The remark initially came offhandedly in a speech at a bioethanol plant in Iowa, in which Mr. Biden was announcing measures to counteract rising gas prices. About halfway through the speech, he made reference to Mr. Putin and the war’s economic impact on Americans.
“Your family budget, your ability to fill up your tank, none of it should hinge on whether a dictator declares war and commits genocide half a world away,” Mr. Biden said. It was a marked escalation from statements earlier this month, when he said Russian atrocities in the suburbs near the Ukrainian capital, Kyiv, amounted to war crimes, but did not rise to the level of genocide.
On the tarmac later on Tuesday afternoon as he left Iowa, the president reaffirmed his characterization.
“Yes, I called it genocide. It has become clearer and clearer that Putin is just trying to wipe out the idea of even being able to be Ukrainian,” he said.
“We’ll let the lawyers decide internationally whether or not it qualifies,” he added, “but it sure seems that way to me.”

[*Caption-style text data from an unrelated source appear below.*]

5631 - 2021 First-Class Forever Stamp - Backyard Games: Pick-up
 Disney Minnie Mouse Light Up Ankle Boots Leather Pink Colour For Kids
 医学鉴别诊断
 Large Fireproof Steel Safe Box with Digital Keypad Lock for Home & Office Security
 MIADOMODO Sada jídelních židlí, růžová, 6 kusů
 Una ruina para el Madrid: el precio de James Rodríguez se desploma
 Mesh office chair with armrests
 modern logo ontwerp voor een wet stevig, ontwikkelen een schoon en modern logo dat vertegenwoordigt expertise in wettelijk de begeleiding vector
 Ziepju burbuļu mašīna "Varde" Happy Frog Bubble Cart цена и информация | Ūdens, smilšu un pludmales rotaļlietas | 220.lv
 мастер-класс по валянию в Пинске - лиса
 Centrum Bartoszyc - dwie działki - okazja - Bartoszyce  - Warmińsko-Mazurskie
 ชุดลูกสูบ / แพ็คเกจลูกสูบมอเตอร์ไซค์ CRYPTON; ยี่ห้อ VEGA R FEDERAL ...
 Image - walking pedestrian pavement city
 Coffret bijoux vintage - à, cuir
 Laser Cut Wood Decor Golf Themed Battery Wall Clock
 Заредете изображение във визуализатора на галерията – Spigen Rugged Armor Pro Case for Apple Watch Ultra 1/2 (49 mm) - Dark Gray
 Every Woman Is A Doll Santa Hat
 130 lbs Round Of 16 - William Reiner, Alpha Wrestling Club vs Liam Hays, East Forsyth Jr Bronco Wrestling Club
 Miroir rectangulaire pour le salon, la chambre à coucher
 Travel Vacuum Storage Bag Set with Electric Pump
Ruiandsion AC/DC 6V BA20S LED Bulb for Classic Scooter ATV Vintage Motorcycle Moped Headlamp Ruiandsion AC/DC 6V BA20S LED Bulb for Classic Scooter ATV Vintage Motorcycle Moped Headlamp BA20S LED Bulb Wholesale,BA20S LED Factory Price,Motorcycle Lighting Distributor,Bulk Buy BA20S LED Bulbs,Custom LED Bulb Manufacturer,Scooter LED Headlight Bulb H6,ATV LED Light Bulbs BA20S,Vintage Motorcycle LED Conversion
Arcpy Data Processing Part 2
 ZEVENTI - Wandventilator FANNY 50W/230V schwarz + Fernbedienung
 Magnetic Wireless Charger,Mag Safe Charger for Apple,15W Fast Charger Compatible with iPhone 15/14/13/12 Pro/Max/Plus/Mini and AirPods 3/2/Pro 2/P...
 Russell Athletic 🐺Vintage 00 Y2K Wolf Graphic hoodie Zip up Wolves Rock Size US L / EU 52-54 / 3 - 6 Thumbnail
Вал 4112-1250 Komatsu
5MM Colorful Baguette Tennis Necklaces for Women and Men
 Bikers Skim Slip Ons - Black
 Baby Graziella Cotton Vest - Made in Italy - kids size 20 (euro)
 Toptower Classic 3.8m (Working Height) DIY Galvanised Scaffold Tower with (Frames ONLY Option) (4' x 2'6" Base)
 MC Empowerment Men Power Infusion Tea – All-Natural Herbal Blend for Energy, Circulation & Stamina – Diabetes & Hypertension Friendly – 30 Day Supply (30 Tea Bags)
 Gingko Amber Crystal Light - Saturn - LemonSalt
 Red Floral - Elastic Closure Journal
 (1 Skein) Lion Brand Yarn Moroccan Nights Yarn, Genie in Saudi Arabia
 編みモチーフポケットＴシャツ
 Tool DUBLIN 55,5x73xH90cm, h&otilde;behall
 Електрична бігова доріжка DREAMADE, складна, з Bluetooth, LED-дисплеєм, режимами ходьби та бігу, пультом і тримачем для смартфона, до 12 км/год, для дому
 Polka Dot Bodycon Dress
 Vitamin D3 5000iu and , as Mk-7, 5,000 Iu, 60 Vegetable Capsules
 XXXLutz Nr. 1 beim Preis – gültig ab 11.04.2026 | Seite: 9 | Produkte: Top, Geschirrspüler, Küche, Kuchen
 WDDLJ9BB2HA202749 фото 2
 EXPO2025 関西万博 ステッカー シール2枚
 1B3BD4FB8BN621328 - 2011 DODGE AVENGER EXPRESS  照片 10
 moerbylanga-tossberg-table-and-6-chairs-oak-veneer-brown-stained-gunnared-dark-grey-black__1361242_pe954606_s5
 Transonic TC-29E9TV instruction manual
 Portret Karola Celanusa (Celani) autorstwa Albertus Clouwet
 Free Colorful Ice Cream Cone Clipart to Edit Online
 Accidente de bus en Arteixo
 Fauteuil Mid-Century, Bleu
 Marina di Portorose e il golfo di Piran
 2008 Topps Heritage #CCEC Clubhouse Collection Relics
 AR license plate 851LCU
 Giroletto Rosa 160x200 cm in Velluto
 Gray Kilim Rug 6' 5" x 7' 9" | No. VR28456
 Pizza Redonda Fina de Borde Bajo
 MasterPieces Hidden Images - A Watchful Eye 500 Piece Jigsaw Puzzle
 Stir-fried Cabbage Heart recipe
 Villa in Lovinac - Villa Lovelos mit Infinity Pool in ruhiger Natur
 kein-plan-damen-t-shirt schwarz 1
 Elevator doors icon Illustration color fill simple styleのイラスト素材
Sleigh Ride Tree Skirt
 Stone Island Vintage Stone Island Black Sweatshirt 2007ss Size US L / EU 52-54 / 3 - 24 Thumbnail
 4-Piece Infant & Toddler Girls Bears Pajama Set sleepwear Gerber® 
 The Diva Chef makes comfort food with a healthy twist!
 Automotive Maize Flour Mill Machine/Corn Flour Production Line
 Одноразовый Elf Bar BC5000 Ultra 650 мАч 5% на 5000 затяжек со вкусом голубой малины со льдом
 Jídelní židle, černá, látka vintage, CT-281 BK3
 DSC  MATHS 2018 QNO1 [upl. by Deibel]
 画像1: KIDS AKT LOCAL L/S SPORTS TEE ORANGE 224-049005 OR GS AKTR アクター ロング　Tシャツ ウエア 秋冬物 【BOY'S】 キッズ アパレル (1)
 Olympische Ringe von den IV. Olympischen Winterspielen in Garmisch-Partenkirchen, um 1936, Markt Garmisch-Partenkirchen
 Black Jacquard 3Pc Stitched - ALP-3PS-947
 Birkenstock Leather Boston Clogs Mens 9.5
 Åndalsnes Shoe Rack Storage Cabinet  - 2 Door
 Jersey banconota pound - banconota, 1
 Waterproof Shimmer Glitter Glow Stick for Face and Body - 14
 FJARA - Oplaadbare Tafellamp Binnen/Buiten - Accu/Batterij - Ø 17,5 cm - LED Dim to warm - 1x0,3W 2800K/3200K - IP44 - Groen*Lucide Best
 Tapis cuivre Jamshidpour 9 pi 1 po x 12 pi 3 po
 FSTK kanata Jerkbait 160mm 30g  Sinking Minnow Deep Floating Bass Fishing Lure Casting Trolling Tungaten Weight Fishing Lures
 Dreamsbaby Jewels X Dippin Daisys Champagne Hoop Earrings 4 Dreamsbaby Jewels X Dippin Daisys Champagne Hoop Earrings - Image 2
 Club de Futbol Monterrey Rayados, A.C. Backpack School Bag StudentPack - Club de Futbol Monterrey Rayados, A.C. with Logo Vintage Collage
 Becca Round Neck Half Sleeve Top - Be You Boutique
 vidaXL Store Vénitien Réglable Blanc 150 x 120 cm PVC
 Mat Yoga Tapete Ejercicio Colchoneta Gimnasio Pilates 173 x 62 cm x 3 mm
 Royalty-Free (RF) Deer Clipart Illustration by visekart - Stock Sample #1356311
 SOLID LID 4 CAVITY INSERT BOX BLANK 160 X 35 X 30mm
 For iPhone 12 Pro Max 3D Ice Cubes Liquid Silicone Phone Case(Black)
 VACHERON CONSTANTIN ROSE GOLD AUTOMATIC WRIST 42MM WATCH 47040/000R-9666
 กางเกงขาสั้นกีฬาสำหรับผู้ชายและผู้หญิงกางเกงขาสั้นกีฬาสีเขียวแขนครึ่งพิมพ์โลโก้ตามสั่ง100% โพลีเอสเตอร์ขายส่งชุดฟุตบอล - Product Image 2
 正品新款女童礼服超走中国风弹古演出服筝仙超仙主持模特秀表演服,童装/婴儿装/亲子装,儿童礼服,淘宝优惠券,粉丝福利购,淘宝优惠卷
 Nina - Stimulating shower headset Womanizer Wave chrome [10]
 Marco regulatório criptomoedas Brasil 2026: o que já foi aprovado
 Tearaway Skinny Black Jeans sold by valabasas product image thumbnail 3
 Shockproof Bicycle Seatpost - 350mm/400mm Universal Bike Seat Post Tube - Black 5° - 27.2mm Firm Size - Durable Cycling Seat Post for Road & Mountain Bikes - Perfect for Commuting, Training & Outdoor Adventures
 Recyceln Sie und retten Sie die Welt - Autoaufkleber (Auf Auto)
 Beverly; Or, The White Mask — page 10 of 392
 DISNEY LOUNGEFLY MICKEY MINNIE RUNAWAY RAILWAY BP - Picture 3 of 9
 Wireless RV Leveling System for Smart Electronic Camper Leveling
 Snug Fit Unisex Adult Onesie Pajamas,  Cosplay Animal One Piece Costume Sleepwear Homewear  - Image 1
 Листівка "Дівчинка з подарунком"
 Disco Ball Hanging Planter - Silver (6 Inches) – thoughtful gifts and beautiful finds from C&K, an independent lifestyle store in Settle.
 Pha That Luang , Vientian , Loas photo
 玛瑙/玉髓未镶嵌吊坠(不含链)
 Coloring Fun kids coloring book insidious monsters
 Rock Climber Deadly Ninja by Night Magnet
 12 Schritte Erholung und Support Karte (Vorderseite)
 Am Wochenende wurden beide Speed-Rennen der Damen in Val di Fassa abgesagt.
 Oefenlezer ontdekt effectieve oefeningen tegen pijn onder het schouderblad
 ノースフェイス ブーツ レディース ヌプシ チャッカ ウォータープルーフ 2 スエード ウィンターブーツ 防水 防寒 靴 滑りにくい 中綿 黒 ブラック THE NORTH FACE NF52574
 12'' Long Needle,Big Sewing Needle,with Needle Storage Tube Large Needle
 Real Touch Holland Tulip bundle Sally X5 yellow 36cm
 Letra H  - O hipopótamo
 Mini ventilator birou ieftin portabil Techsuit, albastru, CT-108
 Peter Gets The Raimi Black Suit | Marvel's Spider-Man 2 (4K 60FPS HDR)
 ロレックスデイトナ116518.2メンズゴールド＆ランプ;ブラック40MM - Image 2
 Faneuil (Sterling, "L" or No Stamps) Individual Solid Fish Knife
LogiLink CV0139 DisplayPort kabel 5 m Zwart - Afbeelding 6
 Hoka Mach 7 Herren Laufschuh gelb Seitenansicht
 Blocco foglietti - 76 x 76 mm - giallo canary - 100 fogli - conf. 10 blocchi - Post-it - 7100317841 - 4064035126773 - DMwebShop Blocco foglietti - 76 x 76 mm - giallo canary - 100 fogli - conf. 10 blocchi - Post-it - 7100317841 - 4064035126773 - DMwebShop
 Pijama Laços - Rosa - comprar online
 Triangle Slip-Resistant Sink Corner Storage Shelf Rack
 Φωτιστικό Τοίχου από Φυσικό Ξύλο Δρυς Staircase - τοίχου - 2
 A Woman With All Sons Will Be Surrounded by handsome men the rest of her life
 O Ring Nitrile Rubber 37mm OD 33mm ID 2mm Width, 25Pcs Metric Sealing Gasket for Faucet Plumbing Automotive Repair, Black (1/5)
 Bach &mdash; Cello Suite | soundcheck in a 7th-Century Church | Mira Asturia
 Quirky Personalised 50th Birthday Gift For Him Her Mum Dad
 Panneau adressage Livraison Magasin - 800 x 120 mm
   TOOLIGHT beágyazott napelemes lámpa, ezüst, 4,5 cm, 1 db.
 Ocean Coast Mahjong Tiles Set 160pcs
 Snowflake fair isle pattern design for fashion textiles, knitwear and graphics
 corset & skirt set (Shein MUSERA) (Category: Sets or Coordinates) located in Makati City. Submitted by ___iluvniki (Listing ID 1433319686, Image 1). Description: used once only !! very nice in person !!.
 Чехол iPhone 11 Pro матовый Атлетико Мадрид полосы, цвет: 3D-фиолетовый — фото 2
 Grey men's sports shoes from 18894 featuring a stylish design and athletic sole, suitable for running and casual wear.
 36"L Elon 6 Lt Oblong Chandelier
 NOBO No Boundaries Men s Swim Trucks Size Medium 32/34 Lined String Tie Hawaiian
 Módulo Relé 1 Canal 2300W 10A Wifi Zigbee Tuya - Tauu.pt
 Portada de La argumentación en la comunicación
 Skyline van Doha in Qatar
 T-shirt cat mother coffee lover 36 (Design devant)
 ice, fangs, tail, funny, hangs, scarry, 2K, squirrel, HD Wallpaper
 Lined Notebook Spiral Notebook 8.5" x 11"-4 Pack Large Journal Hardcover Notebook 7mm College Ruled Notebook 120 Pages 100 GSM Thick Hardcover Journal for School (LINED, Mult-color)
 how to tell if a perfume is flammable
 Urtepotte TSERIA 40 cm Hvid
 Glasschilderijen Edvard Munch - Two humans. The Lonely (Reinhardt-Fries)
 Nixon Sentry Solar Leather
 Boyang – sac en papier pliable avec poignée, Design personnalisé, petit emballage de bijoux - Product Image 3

President Volodymyr Zelensky of Ukraine, who has repeatedly accused Russia of genocide, welcomed Mr. Biden’s comments. “True words of a true leader,” he wrote on Twitter. “Calling things by their names is essential to stand up to evil.”
Mr. Biden’s comment is not the same as a formal determination of genocide by the U.S. government, which has happened only eight times and triggers legal obligations under the Genocide Convention, which the United States ratified in 1988. States are required to prevent and punish genocide, and grant extradition when genocide charges are involved.
In international law, genocide is defined as killing or causing serious bodily or mental harm “with intent to destroy, in whole or in part, a national, ethnical, racial or religious group.”